![]() | Sergio Stanco Editorialista Goal Italia |
L’ Italia di Conte si appresta al doppio incontro Malta-Bulgaria che può regalarci la qualificazione a Euro 2016. Dopo un’ottima partenza, frutto anche del contraccolpo psicologico, dello scossone e del classico discorso da "Braveheart" del condottiero che ha scosso le coscienze e rianimato l'orgoglio, l’effetto novità è scemato e i reali valori della nostra Nazionale si sono palesati in tutta la loro mediocrità. E non è per criticare, ma piuttosto una semplice contestazione. Non c’entrano né Conte, né i suoi ragazzi, ma purtroppo è il risultato di un sistema che non riesce a rigenerarsi.
Ancora ieri Gigi Di Biagio lanciava l’allarme: “Guardate quanti dei nostri ragazzi giocano in Serie A – ha detto il tecnico dell’Under 21 – E tirate voi le somme”. Una dichiarazione che fa eco a quella rilasciata da Conte qualche giorno fa: “Chiamo solo chi gioca – le parole del CT – Non posso convocare in Nazionale chi fa 2’ a partita”. Riferimento a Zaza (e Immobile), ma non solo, perché sono diversi gli azzurri che fanno la spola tra panchina e campo. Tanto che “Libero” di oggi scrive: “ Conte ha una nazionale di riserve, solo che fa finta di non saperlo”. Per il Corriere dello Sport, invece, l’Italia ha perso i bomber.

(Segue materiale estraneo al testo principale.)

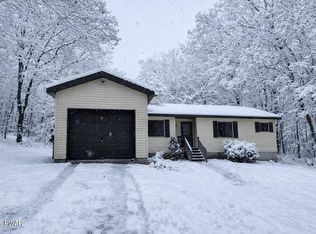 214 Lower Lakeview Dr, Hawley, PA 18428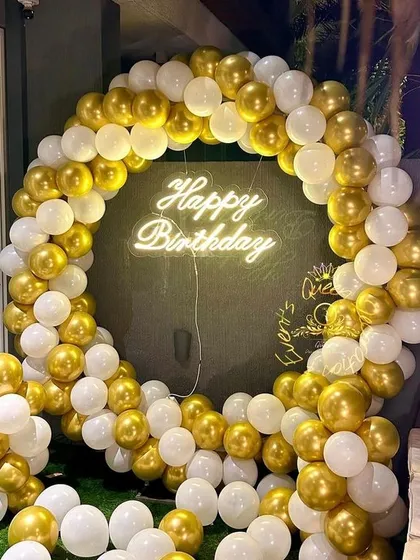 A classic and elegant full balloon ring in white and gold. The neon 'Happy Birthday' sign in the middle makes it a perfect, simple, and stylish backdrop for any birthday celebration.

In realtà, se andiamo a guardare la probabile formazione titolare che sfiderà Malta, non è proprio così: Buffon , Bonucci e Chiellini rappresentano le fondamenta della difesa della Juve da tutti celebrata (e in panchina c’è anche Barzagli, da molti ritenuto ancora il miglior difensore italiano al netto dei cronici problemi fisici e dell’avanzare dell’età), Darmian si sta ritagliando il suo spazio al Manchester United, Bertolacci sta facendo fatica al Milan ma gode della fiducia di Mihajlovic, Verratti è una colonna del centrocampo del PSG, Candreva, Pellé ed Eder sono elementi fondamentali delle rispettive squadre di provenienza. Dunque, Pasqual è l’unico vero “panchinaro” nel suo club che Conte dovrebbe schierare titolare nel prossimo match di qualificazione.
Poi c’è Pirlo , che meriterebbe un capitolo a parte: titolare, ovvio, ma nei NY Red Bulls, il che non fa proprio casistica, che in molti identificano come l’esempio lampante della mancanza di ricambio generazionale del nostro sistema (e altri anche della mancanza di coraggio del nostro CT).
ANDREJ ISAKOVIC/AFP/Getty ImagesUn CT, però, che è costretto a fare i conti con una penuria di elementi di qualità quasi imbarazzante, perché il punto è che se la "squadra A" può ancora passare (almeno fino a centrocampo), le alternative a disposizione dell’allenatore lasciano qualche perplessità. Dietro Buffon, per fare solo un esempio, c’è un ottimo Sirigu, relegato però a secondo nel PSG. Tolta la difesa titolare della Juve, ci sono Ranocchia (capitano non giocatore dell’Inter) e l’acerbo Acerbi.
In generale sono pochissimi i calciatori con un pedigree e un minimo d’esperienza internazionale, cosa fondamentale quando si gioca in Nazionale e si aspira ad essere protagonisti in una competizione fondamentale come l’Europeo. Ancor più evidente è la mancanza di qualità e di esperienza in attacco, dove Conte ha dovuto addirittura richiamare l’americano Giovinco ed è costretto a puntare su due oriundi per raggiungere un livello minimo numerico e aggiungere un pizzico di tecnica. I due nostri “bomber” titolari su cui il CT aveva fortemente puntato fin dal suo arrivo, sono stati relegati al ruolo di quarta/quinta punta da Juve e Siviglia (e si potrebbero aggiungere Gabbiadini ed El Shaarawy, rispettivamente “panchinari” cronici a Napoli e Montecarlo).
Ed è anche per questo che tutti guardano ai grandi ritorni con espressione implorante: Rossi e Balotelli (ma finanche Cassano) al top della forma psico-fisica, servirebbero come il pane alla nostra Nazionale. Ma non solo, perché anche Baselli e Romagnoli sono segnali incoraggianti per il nostro futuro: forse non è vero che non ci sono giovani bravi, probabilmente bisogna solo scovarli, dar loro fiducia e puntarci con decisione. Ventura e Mihajlovic docent.